Je me sens tout de même coupable de leur tragique destin. Je les vois pousser chaque matin un peu plus, en traversant le rond-point pour me rendre à la torture du prof de math. Je leur souris parce qu’elles me font sourire. Le vendredi je décide qu’elles continueront à me sourire, alors je les momifie dans un cahier qui est mon herbier secret. Il s’enrichit parfois après les sorties en famille à vélo, le dimanche.

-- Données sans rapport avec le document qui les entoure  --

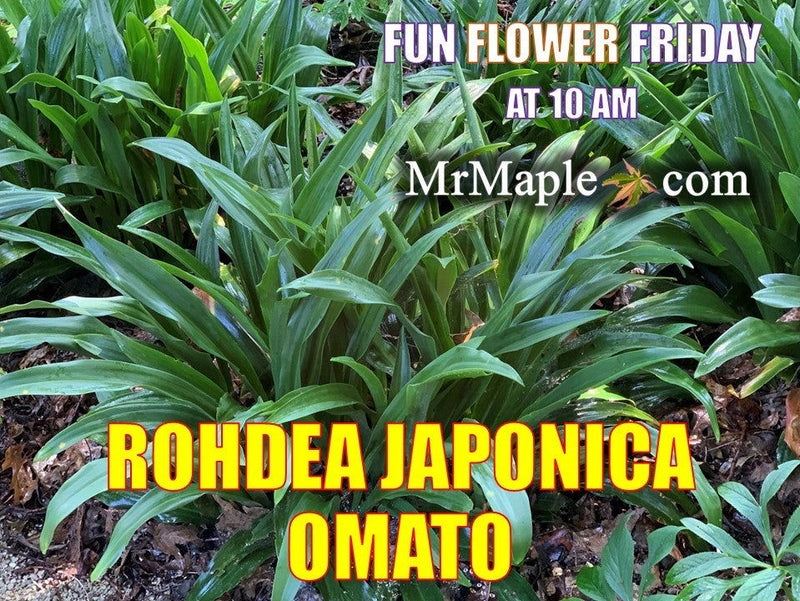 - Rohdea japonica Omoto Sacred Lily - Mr Maple │ Buy Japanese Maple Trees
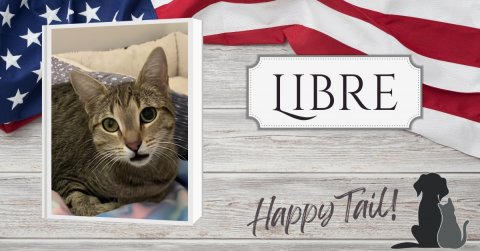 American Flag, Cat, Dog. Text: LIBRE Happy Tail!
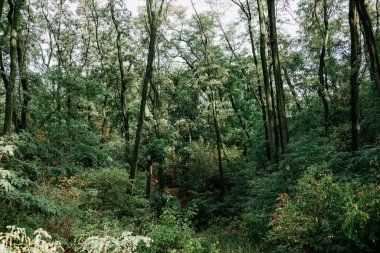 Uzun ağaçlar ve yeşil yapraklarla dolu güzel, sık bir orman. Bereketli ormanlık, sık yapraklı ve yüksek ağaçlı ahşap sahne, sakin ve yeşil bir atmosfer yaratıyor. Ekoloji, çevre, doğa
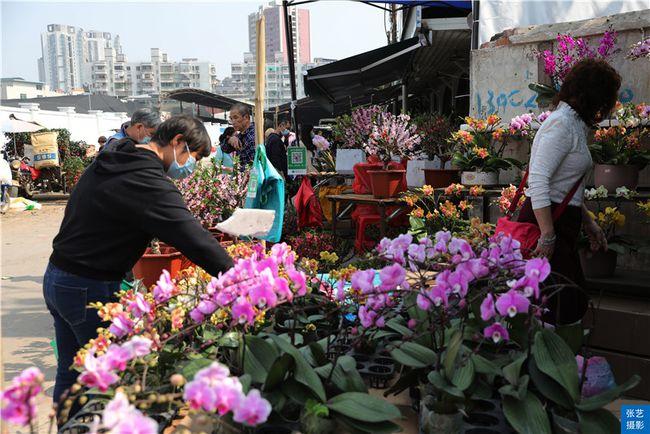 怎么投诉花卉市场（怎么投诉花卉市场商家）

En balade, on part, mes parents, Aneth, moi, mon chien Zinzin et une bouteille de limonade. J’aime bien regarder les beaux jardins depuis nos vélos avec leurs belles maisons et leurs piscines à travers les haies qui perdent leurs feuilles à l’automne, en écartant les branches. « Laisse ces branches, dit ma mère, elles piquent. Regardez plutôt ces belles pommes. » Un vieux pommier derrière la clôture en bois nous nargue avec sa dernière petite pomme au bout d’une branche qui dépasse largement de la limite de cette grande propriété. Je m'arrête en criant et pose le pied à terre: « Vas-y papa !» « Avance Tom », annonce ma mère. Je vois la tête de mon père, il est proche de la pomme narquoise, il y est presque quand l’œil de ma mère s'agrandit et ses sourcils noircissent: « Pas de bêtise ! » Ma sœur Aneth rigole dans son siège de bébé accroché sur le vélo de maman, secouée par les bosses.

 

Chaque dimanche, la pomme nous nargue, seule unique rescapée. « Tu n’as pas assez de pommes à la maison ? » Bien sûr que oui, mais celle-ci est différente, je le sens. En quoi, je ne peux pas le dire.


Et puis, un dimanche plus frais que les autres, ma mère et Aneth restent à la maison. Ce qu'on pédale vite avec papa. Enfin. Nous sommes des fugitifs. Papa rit, moi aussi. Nous nous arrêtons avant la grande route au milieu d’un des derniers champs dans le quartier de Mère Carouge. Mon père sort son canif, coupe la pomme en deux. Je choisis la moitié avec la queue, lui, celle avec le nombril poilu. Il me dit : « Regarde là-dedans ». Je me penche. « Papa, je vois rien ». « Là Tom, où il y a les pépins ».

 

C'est une étoile, mes yeux s’écarquillent.

Là, il y a une étoile, nos arbres, nos rêves, nos chemins.

Nous mordons dedans à pleines dents en poussant sur nos pédales, essoufflés et fiers de notre secret.